|
|
|
My approach to guessing a gender from a first name.
|
|
13 points
by Stromgren
4697 days ago
|
|
Hi!
A short time ago, i decided to try and build an API that would try to guess the gender of a first name. I thought this might be useful for segmenting user lists for campaigning, analytics or similar.
My first approach was to use a dataset of approved names from a few European countries. This was in the believe that most countries had lists like this (Which they don't) and i planned to add them as i went along. I got wiser and the first feedback i got also told me that the API should be able to do probabilistic guesses and if possible, also offer some sort of localization filter to achieve more accurate guesses.
I decided to take an approach of using large, growing datasets of user profiles from social networks. Each entry containing a first name, a gender, a country_id and language_id. At last, i exposed this datamodel through http://genderize.io
It responds in JSON. Simple example: http://api.genderize.io?name=robin
I am now looking to get some feedback on my new approach. What do you think of this way of doing guesses. What do you think of the API? Any feedback is welcome.
The API is completely free by the way. |
|
Obviously you need to run a test that uses a list of real people's names and genders to measure the method's accuracy.
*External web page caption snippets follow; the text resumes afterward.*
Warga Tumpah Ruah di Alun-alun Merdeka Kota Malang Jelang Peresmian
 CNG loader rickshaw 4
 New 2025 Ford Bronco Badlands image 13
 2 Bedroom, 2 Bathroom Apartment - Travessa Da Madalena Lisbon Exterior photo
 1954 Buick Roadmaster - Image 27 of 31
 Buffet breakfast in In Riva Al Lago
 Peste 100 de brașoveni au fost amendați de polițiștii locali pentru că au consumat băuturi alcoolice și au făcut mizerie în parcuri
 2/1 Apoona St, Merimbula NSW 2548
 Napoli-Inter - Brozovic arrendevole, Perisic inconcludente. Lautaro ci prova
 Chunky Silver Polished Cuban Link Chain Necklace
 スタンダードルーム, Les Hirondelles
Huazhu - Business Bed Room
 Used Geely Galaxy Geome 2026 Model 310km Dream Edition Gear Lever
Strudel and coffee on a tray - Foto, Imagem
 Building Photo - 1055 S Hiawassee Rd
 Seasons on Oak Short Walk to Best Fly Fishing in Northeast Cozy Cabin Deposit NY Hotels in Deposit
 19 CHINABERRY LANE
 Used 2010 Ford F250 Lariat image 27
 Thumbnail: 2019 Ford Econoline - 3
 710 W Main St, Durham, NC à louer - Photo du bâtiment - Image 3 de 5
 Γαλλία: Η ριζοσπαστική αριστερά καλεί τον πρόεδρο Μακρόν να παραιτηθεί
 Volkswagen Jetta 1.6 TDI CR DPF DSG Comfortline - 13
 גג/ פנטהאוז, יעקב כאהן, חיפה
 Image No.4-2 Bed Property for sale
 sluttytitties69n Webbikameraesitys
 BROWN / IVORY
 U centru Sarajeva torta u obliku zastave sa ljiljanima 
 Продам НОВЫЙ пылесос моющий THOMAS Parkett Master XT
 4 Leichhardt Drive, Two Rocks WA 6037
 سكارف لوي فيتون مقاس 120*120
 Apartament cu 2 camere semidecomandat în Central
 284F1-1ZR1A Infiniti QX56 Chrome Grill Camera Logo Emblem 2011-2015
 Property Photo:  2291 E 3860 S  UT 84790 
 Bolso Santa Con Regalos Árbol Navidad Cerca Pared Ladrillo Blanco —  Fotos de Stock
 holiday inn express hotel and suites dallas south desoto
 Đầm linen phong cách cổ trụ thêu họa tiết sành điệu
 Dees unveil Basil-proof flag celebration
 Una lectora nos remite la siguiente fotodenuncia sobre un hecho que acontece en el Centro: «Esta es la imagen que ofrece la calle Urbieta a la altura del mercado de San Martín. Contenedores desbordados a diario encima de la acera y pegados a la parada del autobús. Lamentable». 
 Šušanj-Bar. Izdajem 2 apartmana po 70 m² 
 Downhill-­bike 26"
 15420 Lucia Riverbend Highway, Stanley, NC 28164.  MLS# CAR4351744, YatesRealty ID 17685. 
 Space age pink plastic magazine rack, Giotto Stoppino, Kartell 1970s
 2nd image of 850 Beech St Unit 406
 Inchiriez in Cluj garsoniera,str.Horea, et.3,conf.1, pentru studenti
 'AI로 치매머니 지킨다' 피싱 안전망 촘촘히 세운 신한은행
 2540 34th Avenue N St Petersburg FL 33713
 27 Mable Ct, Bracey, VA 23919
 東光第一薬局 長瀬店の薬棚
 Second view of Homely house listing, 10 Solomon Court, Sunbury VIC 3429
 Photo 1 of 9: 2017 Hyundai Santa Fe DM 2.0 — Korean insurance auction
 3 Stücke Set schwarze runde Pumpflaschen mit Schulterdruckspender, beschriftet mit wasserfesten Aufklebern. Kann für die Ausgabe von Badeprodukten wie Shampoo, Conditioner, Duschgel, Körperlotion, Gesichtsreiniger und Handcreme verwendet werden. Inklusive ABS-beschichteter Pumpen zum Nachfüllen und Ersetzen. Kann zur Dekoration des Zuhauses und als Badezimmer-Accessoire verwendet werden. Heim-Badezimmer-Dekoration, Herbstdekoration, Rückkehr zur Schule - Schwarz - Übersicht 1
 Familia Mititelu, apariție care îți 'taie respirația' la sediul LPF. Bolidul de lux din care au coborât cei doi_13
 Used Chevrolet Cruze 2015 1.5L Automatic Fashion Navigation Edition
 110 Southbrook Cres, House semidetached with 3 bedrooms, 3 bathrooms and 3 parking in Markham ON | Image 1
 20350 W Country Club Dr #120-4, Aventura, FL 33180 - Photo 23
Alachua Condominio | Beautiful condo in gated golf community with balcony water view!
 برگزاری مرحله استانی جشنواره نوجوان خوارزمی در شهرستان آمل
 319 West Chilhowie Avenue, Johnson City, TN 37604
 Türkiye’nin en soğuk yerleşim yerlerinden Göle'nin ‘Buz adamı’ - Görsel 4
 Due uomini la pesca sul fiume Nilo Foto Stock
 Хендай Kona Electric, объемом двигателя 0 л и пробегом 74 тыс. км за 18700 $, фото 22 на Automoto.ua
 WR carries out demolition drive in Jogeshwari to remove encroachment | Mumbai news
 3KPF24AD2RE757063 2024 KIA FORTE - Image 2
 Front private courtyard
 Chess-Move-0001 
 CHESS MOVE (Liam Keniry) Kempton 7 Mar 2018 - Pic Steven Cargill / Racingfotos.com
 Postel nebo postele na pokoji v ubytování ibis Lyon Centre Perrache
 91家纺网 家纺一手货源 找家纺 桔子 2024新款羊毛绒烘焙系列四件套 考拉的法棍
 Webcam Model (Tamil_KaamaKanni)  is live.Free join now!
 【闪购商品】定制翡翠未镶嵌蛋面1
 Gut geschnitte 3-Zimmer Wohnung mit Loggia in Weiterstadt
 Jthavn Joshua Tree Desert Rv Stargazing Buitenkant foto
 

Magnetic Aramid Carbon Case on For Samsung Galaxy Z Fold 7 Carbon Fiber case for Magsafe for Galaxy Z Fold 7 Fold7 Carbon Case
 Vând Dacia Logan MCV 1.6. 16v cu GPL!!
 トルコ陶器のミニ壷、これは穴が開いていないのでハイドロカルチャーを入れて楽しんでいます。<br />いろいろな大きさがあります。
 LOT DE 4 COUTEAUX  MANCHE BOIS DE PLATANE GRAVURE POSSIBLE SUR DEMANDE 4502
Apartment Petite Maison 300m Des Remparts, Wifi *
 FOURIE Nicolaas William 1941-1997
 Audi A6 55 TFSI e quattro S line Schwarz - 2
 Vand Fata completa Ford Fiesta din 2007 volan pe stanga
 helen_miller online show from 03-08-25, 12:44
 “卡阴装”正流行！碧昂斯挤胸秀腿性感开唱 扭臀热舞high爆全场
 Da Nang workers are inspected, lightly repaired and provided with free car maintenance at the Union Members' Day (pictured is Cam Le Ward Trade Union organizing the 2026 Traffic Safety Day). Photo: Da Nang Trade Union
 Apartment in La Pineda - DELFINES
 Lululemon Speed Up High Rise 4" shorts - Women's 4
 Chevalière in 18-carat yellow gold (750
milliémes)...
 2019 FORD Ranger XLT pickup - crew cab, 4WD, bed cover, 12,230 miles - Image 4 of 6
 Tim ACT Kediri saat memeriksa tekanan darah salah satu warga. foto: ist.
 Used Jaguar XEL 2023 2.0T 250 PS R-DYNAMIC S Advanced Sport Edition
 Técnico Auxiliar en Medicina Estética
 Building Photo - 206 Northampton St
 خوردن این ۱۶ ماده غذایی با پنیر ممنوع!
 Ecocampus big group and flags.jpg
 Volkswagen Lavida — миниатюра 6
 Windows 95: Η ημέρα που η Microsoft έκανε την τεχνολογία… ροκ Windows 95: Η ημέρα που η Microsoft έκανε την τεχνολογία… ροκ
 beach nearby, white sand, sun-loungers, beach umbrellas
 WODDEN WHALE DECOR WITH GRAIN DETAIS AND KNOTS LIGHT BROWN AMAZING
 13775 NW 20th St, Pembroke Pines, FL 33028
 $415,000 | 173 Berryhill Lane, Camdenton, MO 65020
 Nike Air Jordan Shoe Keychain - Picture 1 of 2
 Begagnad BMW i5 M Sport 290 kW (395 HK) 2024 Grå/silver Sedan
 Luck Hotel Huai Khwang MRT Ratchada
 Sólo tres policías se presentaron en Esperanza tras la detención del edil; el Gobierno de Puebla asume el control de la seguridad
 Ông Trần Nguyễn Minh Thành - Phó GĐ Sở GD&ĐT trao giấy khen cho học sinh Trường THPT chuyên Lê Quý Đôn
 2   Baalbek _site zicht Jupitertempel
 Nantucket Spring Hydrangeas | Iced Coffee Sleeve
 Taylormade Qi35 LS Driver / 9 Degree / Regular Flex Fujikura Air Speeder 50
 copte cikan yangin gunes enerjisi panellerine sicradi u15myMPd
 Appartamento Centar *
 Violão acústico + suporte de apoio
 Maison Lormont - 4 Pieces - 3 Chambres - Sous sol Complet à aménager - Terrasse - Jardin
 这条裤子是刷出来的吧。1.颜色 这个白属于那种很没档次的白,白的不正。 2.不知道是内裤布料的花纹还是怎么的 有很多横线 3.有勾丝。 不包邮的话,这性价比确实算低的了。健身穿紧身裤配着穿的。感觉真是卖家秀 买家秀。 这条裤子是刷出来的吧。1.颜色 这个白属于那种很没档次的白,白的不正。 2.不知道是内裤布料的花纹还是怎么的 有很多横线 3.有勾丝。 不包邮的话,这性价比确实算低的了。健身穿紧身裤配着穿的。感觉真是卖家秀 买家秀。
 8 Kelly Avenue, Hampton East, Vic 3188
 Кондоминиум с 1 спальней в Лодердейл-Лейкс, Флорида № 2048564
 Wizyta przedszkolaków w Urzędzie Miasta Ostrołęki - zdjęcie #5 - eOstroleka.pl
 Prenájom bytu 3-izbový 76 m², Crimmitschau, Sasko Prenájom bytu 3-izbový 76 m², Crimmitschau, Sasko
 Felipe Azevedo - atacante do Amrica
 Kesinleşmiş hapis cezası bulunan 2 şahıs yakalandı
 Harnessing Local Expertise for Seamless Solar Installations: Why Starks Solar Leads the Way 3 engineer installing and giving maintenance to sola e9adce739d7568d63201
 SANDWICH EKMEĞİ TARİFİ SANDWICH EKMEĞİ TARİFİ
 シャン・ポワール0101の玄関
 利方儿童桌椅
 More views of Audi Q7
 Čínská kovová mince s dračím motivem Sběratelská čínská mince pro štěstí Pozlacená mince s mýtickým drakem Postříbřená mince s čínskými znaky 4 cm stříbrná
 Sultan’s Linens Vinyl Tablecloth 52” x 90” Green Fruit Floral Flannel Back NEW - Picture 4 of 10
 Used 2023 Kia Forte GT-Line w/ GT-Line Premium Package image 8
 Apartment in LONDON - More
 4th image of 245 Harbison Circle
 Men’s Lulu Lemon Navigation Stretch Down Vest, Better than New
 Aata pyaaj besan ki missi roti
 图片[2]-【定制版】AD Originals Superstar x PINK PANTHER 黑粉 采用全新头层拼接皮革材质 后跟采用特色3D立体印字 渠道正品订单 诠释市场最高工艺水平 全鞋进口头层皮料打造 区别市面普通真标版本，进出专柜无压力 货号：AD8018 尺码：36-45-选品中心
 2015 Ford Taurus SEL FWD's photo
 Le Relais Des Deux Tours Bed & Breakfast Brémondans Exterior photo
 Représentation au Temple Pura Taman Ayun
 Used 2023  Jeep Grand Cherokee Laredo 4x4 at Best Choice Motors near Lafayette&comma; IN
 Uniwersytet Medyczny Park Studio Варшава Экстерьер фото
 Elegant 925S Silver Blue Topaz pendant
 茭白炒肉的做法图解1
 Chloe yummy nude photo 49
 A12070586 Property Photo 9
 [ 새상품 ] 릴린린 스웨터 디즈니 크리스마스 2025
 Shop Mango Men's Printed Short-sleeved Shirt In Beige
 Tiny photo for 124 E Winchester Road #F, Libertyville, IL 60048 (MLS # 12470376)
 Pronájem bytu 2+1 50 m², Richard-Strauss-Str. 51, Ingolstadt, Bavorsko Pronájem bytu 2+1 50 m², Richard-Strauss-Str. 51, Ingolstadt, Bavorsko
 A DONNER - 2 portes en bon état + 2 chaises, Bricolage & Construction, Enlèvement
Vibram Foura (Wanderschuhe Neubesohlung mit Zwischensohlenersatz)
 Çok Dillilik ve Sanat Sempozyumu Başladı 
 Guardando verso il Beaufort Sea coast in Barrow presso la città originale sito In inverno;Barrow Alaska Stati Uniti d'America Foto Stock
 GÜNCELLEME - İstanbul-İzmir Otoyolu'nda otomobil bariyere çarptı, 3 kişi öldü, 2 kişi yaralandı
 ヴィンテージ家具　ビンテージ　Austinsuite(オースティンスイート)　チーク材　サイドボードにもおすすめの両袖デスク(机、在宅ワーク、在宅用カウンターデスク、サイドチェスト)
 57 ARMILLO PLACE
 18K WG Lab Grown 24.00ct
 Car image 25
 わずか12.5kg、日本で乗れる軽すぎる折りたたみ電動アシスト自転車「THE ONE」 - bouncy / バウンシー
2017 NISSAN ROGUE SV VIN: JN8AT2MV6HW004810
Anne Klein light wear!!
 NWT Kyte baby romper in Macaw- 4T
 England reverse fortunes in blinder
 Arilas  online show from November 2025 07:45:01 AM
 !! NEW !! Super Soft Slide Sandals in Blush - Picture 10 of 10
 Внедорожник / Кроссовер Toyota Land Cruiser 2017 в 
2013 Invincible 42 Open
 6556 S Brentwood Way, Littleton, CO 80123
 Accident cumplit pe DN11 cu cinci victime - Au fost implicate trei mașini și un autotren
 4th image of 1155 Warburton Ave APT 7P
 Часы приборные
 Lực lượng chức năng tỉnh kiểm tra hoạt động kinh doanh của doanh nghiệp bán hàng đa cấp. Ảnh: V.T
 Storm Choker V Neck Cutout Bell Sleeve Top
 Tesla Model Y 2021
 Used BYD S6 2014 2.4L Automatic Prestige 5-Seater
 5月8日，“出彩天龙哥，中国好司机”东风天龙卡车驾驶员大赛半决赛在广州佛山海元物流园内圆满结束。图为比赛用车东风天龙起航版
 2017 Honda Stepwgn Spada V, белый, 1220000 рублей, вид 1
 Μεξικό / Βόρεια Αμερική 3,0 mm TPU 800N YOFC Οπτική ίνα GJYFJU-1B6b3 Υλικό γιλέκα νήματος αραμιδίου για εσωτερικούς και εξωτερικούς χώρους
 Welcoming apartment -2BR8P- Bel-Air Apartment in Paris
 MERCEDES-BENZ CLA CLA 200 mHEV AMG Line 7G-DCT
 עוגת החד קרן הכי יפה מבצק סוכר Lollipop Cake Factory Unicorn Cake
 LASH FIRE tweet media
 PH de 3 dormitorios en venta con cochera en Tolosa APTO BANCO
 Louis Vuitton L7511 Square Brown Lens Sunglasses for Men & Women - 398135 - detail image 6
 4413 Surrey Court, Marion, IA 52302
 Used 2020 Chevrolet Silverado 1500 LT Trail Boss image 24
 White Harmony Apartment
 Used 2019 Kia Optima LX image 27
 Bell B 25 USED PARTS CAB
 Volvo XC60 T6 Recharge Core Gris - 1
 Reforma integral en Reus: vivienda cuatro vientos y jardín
But remember the following points:
* People might resent any effort to pin down their gender in a commercial or advertising context.
* The negative outcome for a gender misidentification may be much greater than the positive outcome for a correct one.
* Gender-neutral names are becoming increasingly fashionable among well-educated parents, i.e. people who have money.
On that basis and in my opinion, unless you can get above 90% accuracy, it's not worth doing.
Some popular gender-neutral names:
http://www.babynames1000.com/gender-neutral/
http://thestir.cafemom.com/pregnancy/157282/25_best_genderne...
http://en.wikipedia.org/wiki/Unisex_name#English
A quote: "Unisex names have been enjoying a decent amount of popularity in English speaking countries in the past several decades."